En aquel tiempo, cuando salía Jesús al camino, se le acercó uno
corriendo, se arrodilló y le preguntó: –Maestro bueno, ¿qué haré para heredar
la vida eterna? (Mc 10, 17).
Jesús, acabas de bendecir a los niños de
aquel pueblo. Se te hace tarde y tienes que irte. Te acompañan los lugareños,
cuando de repente aparece el hombre-bala: se le acercó uno corriendo, se arrodilló….
Jesús, no sé, pero cuando considero la actitud del joven rico me
parece cada vez más falsa. Sobreactúa, es teatrero.
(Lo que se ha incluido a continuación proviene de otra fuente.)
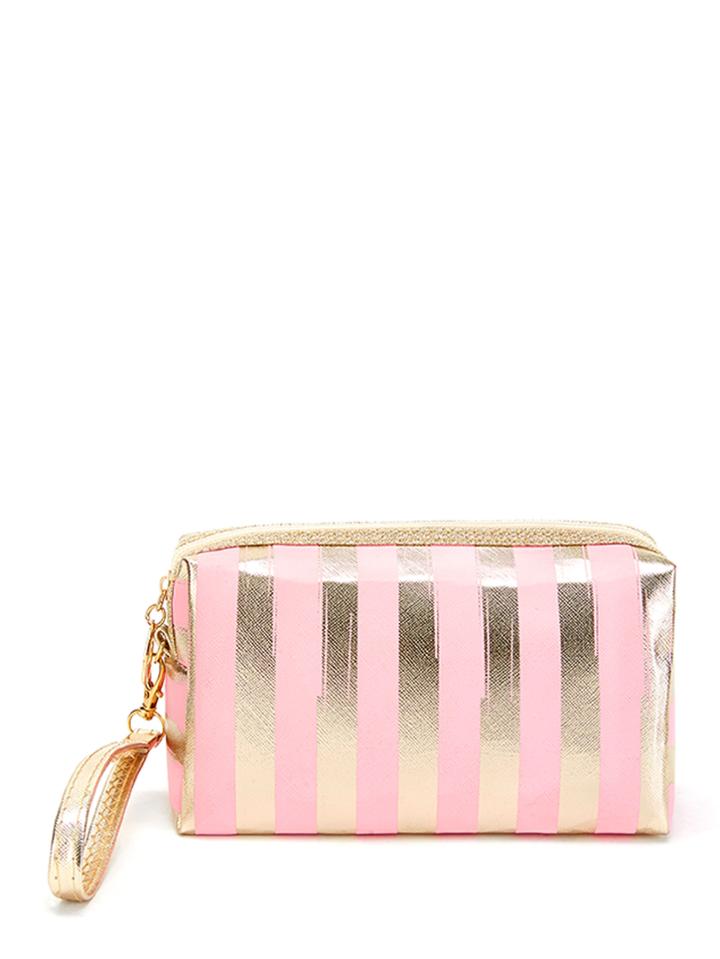 Shein Metallic Striped Pouch With Wristlet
Recuerda a lo que hacen
algunos delanteros para celebrar un gol: van corriendo al corner y se deslizan
de rodillas sobre la hierba... ¿Pero por qué espera a que salgas de la ciudad?
¿No pudo hablar antes contigo de forma más discreta? Eso de ir corriendo y
ponerse de rodillas, montar el numerito me parece algo forzado.
Jesús, no solo fue por las riquezas. El joven se
quería demasiado a sí mismo.
Todo esto lo
he guardado —le dijo el joven— ¿Qué me falta aún?
En el fondo lo que buscaba era quedar
bien. Está orgulloso de sí mismo, le gusta ser el centro y lo manifiesta
claramente: —¿Cuáles?... ¿Qué me falta aún?... –Maestro, todo eso lo he
cumplido desde pequeño. Pobre. No estaba preparado para seguir a
Cristo. Es el peligro de reducir la fe a cumplir mandamientos. Jesús,
sin darme cuenta yo también pretendo comprarte cumpliendo mandamientos.
Dile a Jesús que la cosa más monstruosa es un
cumple-mandamientos.
Propósito: no ser un cumple-mandamientos.